Because some added flavors are volatile, they may be added after a molten candy mass has cooled somewhat. This can become a challenging mixing problem, because the candy mass is very viscous. If the mass has the correct moisture content and is deliberately agitated and aerated by pulling, many very small crystals can form, resulting in an opaque and chewy taffy. With lower moisture content and very rapid cooling, the result is a clear glass. While it is warm, the glass can be folded to incorporate flavors, acids, and colors and then formed into pieces by stamping in molds or cutting from a correctly sized rope.

Part of Hartel’s research has been directed at understanding the complex phase behavior of these systems. He has found that the ratio of sugar to water and the ratio of sucrose to inhibitor (glucose) help to define three regions of crystallization: one where there is never any crystallization, one where crystallization is immediate, and one where crystallization may be slow or fast. He and his students are struggling with the best way to portray this complex behavior, but their insights already have helped in troubleshooting by candy manufacturers. They use a state-diagram approach where possible (in hard candy and fondant), but they have not yet been able to adequately define the phase boundaries for the more-complex candies such as jellies and caramels.
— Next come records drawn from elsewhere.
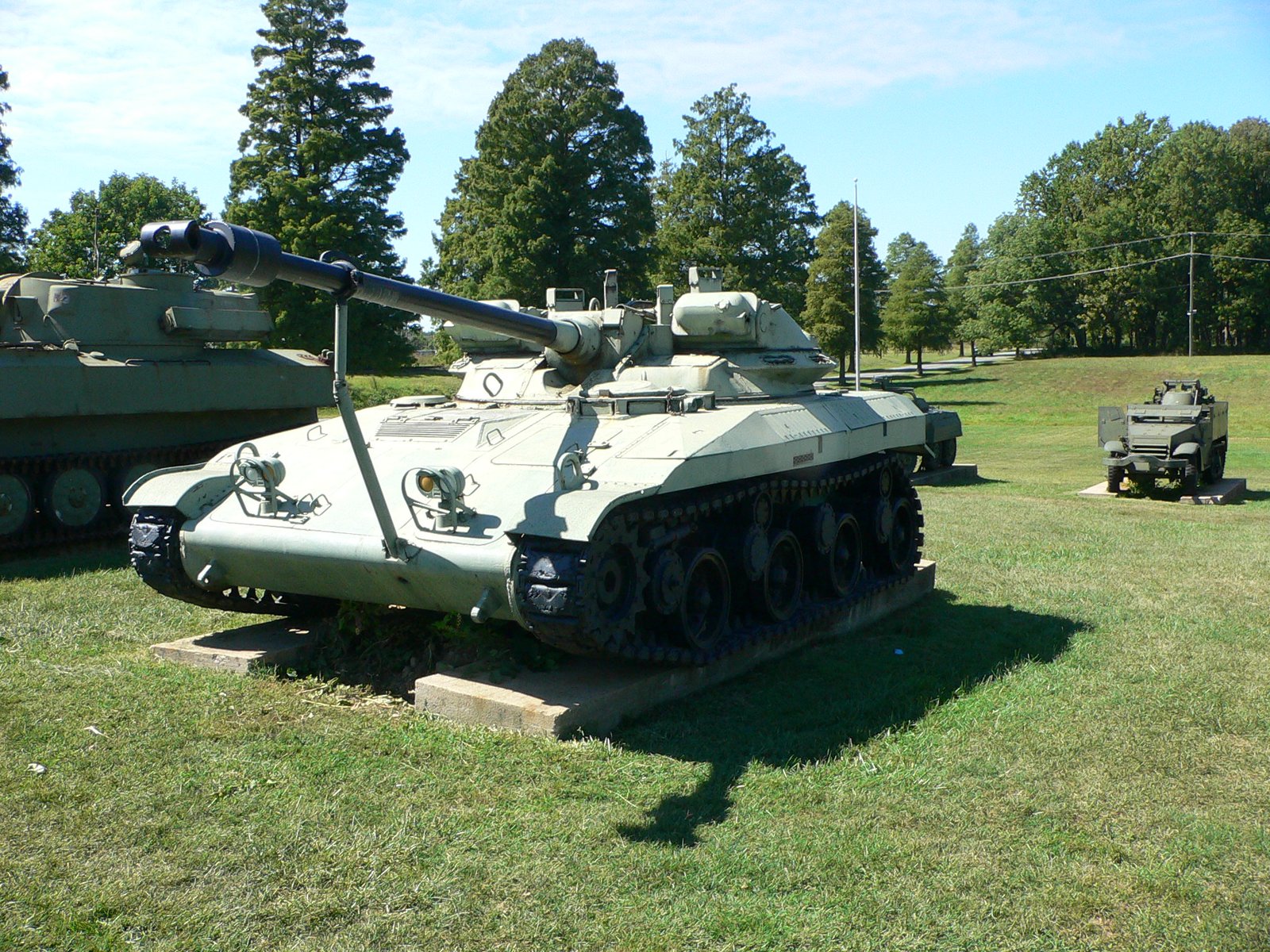 T92 light tank, front-left / three-quarter view, U.S. Army Ordnance Museum, Aberdeen Proving Ground, Maryland, photographed 19 September 2007 by Mark Pellegrini. museum-survivor photo showing the low hull, cleft turret, cupolas, and external display condition. [Commons-T92-2] Table 12. Non-embedded photo leads and rights notes. Image Credit Summary.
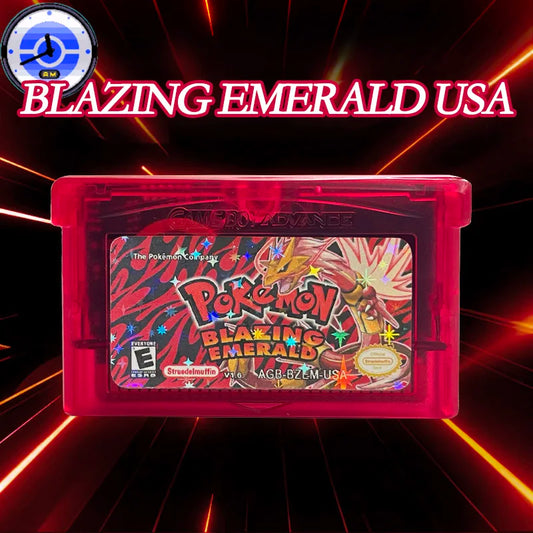 USA VERSION GBA Game Pokemon BLAZING EMERALD V1.6 RTC Flash cart Real Time Clock GAME Cartridge Card Rom Hack English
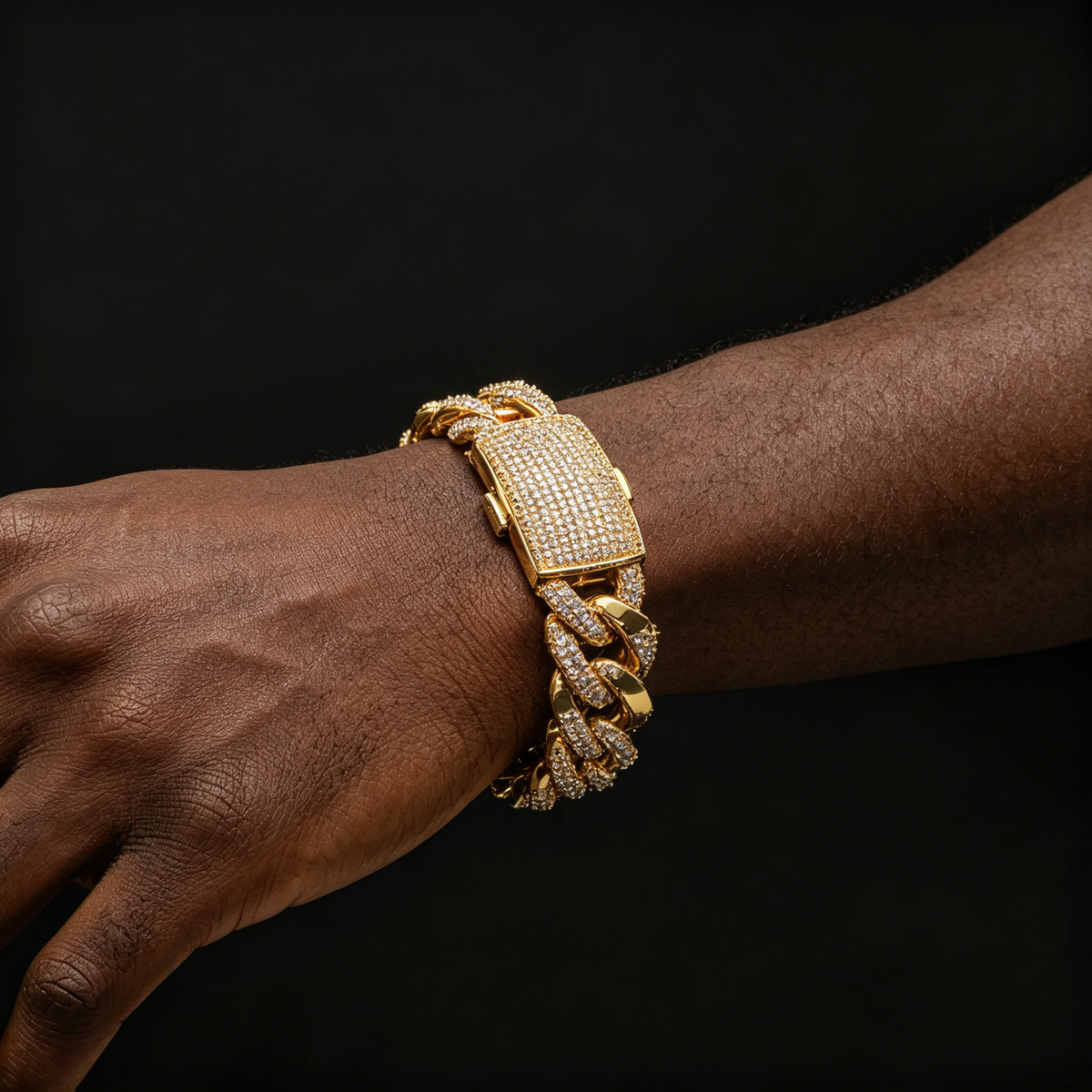 Men's 20mm Iced Out Cuban Link Bracelet 18K Gold Plated CZ Diamond Hip Hop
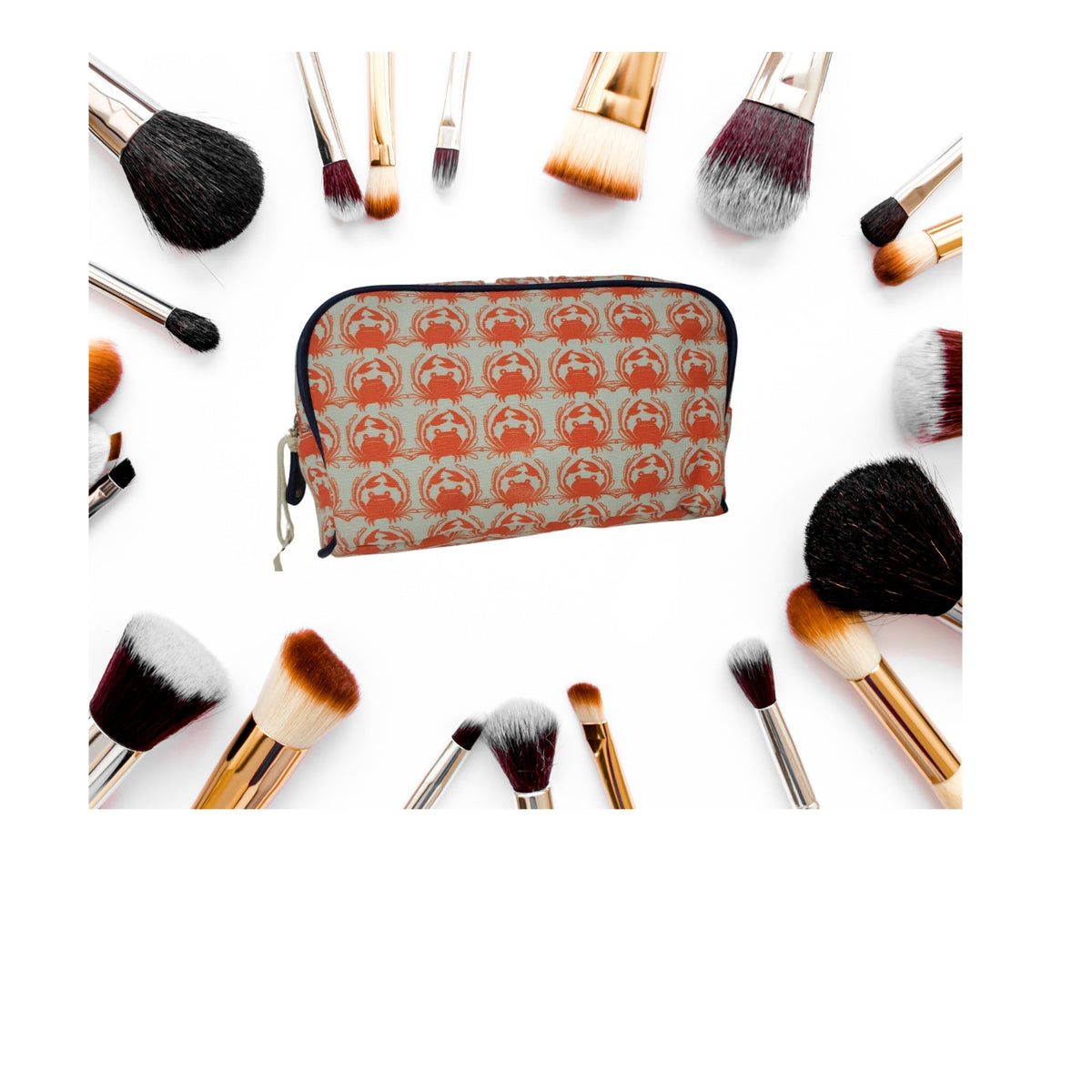 Large Nautical Crab Design Cosmetic Bag for Travel & Makeup Storage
Among the defects in candies is crystallization when it is not desired. For example, if all the sucrose crystals are not dissolved in a candy glass, they can serve to nucleate crystal formation, weakening the candy piece structure. If the surface of a glass gets wet, the lower viscosity may make surface crystallization possible. Hartel’s group is studying moisture migration through one-dimensional sugar glasses under a microscope, using a very small near-infrared (NIR) probe to follow the moisture wave (Fig.1).Penetration of moisture into an amorphous sugar system followed by nucleation and crystal growth.

Chocolate Processing
Chocolate is made from cocoa beans, which are grown in several tropical countries. After harvesting, the beans are fermented by allowing them to lie in the sun while a surface mucilage dries. There are many process variations among manufacturers, including roasting before or after removal of shells, alkali treatment or not, and other choices. The degree of roasting can also vary. In general, the dry beans have their shells removed, after which the nibs (the soft inner contents) are roasted, ground, and then filtered.

Grinding is very important to the mouthfeel of the eventual chocolate and is often done on multi-roll refiners. The fine grinding makes subsequent filtration difficult, so the filtration is done with high-pressure presses. The resulting liquid is cocoa butter, and the solids are cocoa powder. The slurry before filtration is chocolate liquor.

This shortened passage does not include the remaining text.